Definition: Let $f$ be a polynomial over a field $K$ of characteristic $0$, and let $\Sigma$ be a splitting field for $f$ over $K$. We say that $f$ is soluble by radicals if there exists a field $M$ containing $\Sigma$ such that $M:K$ is a radical extension.
And now comes my missunderstanding: let $f$ be a polynomial over $\mathbb{C}$, its splitting field should be $\mathbb{C}$, right? What is its "$M$" then? We could try this with example, let $f(x) = x^2 + 1$, it is a polynomial over $\mathbb{Q}$ and it splits over $\mathbb{Q}[i]$, right? Then what is its $M$? Or consider a polynomial $f(x) = x^2 - 1$ over $\mathbb{Q}$ and it also splits over $\mathbb{Q}$, so what is its $M$?
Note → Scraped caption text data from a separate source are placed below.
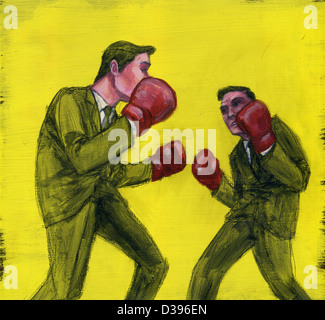 Conceptual image of two businessmen boxing over yellow background Stock Photo
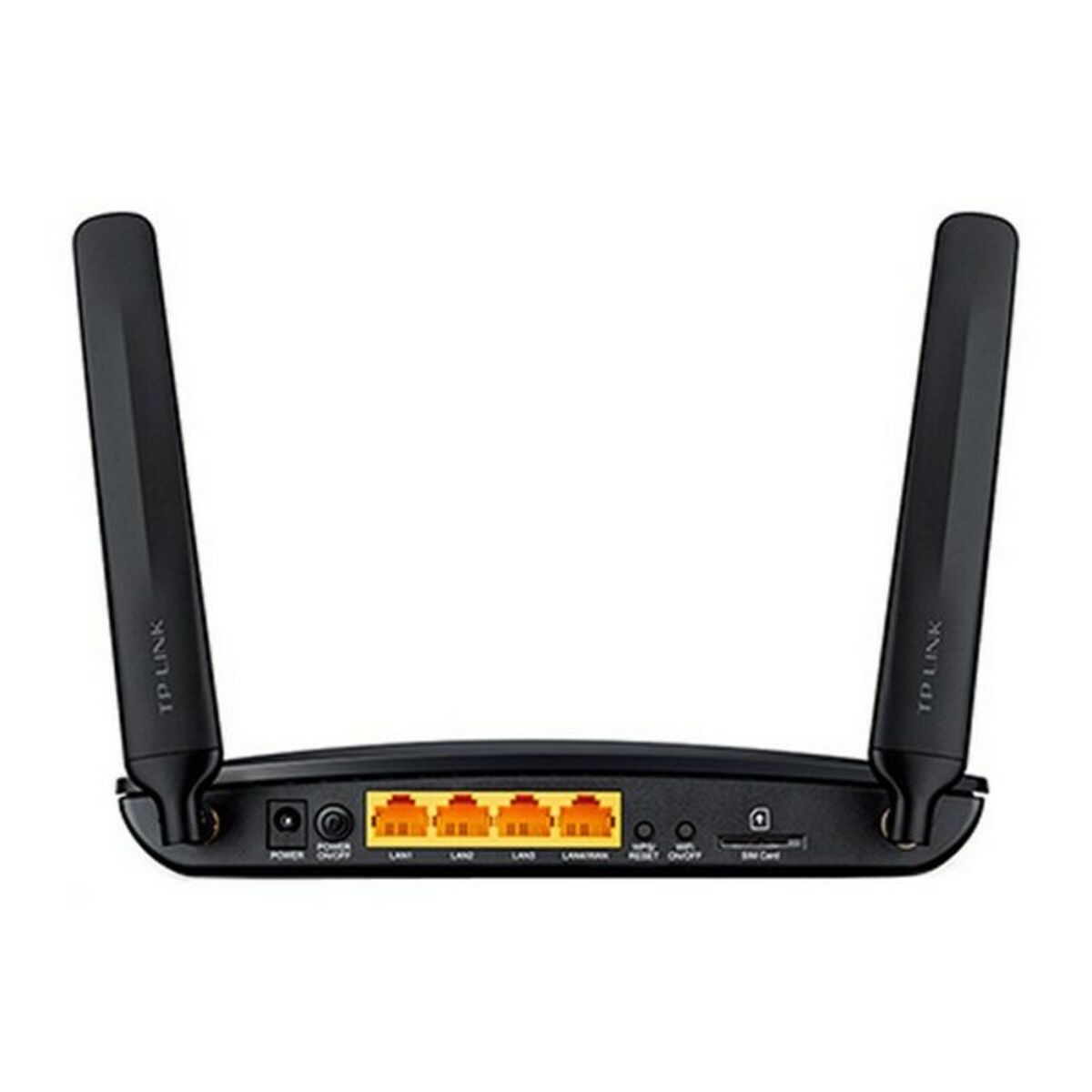 Zwarte TP-Link router met twee antennes, meerdere poorten en diverse indicatielampjes.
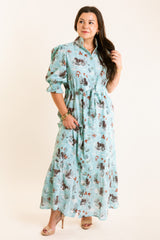 The Catherine Midi Dress in Dogs & Drakes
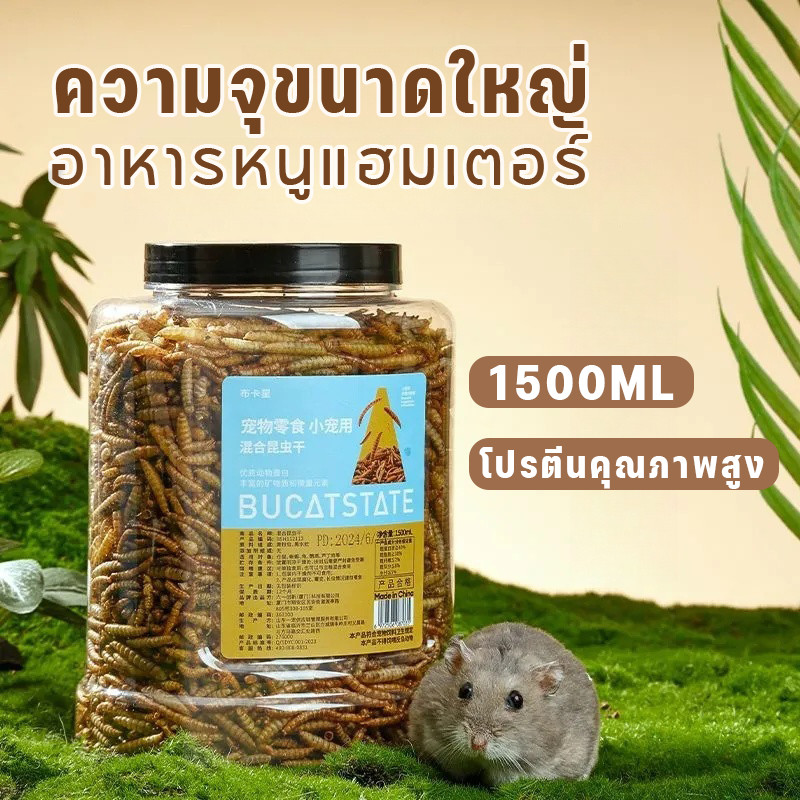 1500ML อาหารหนูแฮมเตอร์ หนอนอบแห้ง (Pet)หนูแฮมเตอร์,เม่นแคระ,นก,ปลา หนอนอาหาร หนอนอาหารแห้ง หนอนนก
You are correct that if $f(x)\in\mathbb{C}[x]$, then the roots of $f$ are all in $\mathbb{C}$, so they are in a radical extension of $\mathbb{C}$. The insolvability of the quintic generally refers to quintic polynomials in $\mathbb{Q}[x]$. In this case, the splitting field is certainly contained in $\mathbb{C}$, but not all elements of $\mathbb{C}$ can be expressed in terms of radicals (indeed, the theorem that there is no "quintic formula" tells us not all algebraic numbers over $\mathbb{Q}$ can be expressed in terms of radicals). The point is the roots of the polynomial are in some algebraic extension, but it need not be a radical extension; that is to say, the roots of polynomial with rational coefficients cannot necessarily be expressed in terms of radicals of rationals (as opposed to reals or complex numbers).
For your examples, $f(x)=x^2+1$, then $M=\Sigma=\mathbb{Q}(i)$. As for $f(x)=x^2-1$, this splits over $\mathbb{Q}$, so $M=\Sigma=\mathbb{Q}$. I am not aware of any examples where $M\neq\Sigma$ off the top of my head, but perhaps someone else can chime in with one.